Segment Open

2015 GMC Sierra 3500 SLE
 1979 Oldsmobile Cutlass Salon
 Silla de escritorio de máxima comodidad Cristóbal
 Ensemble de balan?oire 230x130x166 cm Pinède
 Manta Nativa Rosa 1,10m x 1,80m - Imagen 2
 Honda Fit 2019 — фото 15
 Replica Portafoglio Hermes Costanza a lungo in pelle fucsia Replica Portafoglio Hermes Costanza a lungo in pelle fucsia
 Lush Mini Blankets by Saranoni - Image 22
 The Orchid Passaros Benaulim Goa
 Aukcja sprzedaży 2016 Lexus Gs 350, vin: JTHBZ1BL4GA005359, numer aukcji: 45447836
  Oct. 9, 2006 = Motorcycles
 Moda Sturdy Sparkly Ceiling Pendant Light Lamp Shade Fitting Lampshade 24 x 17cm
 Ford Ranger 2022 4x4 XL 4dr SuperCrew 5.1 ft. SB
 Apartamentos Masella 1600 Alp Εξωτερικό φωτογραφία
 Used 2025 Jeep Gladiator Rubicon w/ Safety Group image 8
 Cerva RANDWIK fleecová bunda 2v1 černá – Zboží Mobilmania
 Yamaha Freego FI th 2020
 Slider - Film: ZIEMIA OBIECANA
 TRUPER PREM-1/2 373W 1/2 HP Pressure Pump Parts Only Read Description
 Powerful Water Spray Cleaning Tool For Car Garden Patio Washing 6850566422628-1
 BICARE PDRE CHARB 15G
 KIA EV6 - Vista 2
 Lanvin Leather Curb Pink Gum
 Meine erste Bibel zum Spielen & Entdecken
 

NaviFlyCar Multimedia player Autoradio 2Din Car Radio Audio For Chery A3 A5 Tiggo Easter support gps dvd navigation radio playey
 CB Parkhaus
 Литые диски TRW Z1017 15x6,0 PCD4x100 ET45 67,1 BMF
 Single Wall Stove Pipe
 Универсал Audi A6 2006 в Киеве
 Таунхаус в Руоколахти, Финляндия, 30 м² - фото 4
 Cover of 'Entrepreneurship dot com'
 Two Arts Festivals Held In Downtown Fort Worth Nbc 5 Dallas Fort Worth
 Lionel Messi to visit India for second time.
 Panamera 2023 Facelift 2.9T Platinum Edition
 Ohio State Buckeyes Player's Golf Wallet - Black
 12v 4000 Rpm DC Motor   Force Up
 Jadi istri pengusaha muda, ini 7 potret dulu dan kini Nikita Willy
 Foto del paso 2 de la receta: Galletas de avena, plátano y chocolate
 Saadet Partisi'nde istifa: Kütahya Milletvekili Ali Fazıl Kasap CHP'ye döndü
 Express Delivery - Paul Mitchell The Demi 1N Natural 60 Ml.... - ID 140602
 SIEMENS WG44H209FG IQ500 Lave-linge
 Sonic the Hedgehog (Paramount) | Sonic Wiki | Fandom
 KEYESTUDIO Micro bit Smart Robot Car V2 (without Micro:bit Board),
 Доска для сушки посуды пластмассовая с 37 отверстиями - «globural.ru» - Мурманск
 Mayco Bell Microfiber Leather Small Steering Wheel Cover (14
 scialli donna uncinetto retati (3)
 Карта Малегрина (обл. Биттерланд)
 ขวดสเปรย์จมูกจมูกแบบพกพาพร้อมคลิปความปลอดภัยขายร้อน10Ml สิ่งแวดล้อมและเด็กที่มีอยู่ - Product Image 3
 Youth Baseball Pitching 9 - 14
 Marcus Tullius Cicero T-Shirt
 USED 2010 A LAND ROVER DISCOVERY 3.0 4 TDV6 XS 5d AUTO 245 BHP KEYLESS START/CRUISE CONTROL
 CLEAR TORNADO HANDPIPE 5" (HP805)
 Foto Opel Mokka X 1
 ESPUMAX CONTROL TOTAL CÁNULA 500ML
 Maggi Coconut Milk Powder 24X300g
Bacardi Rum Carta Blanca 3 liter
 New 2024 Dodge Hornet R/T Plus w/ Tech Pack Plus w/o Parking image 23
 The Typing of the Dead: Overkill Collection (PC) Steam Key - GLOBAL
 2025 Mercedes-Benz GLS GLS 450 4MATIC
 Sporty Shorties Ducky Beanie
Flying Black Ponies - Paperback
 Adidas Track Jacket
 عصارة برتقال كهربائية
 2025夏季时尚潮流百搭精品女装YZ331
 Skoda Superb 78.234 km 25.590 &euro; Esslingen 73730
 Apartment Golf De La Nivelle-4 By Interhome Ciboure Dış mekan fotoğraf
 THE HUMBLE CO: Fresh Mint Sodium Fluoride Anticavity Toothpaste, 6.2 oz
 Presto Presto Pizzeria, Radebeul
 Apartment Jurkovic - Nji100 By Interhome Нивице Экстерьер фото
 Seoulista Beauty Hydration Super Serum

Segment Closed

Work to complete -
After locating the line with "Express Delivery - Paul" in the material above, return it and each line after it exactly, ending at the line with "Карта Малегрина (обл. Биттерланд)".

Result for this exercise -
 Express Delivery - Paul Mitchell The Demi 1N Natural 60 Ml.... - ID 140602
 SIEMENS WG44H209FG IQ500 Lave-linge
 Sonic the Hedgehog (Paramount) | Sonic Wiki | Fandom
 KEYESTUDIO Micro bit Smart Robot Car V2 (without Micro:bit Board),
 Доска для сушки посуды пластмассовая с 37 отверстиями - «globural.ru» - Мурманск
 Mayco Bell Microfiber Leather Small Steering Wheel Cover (14
 scialli donna uncinetto retati (3)
 Карта Малегрина (обл. Биттерланд)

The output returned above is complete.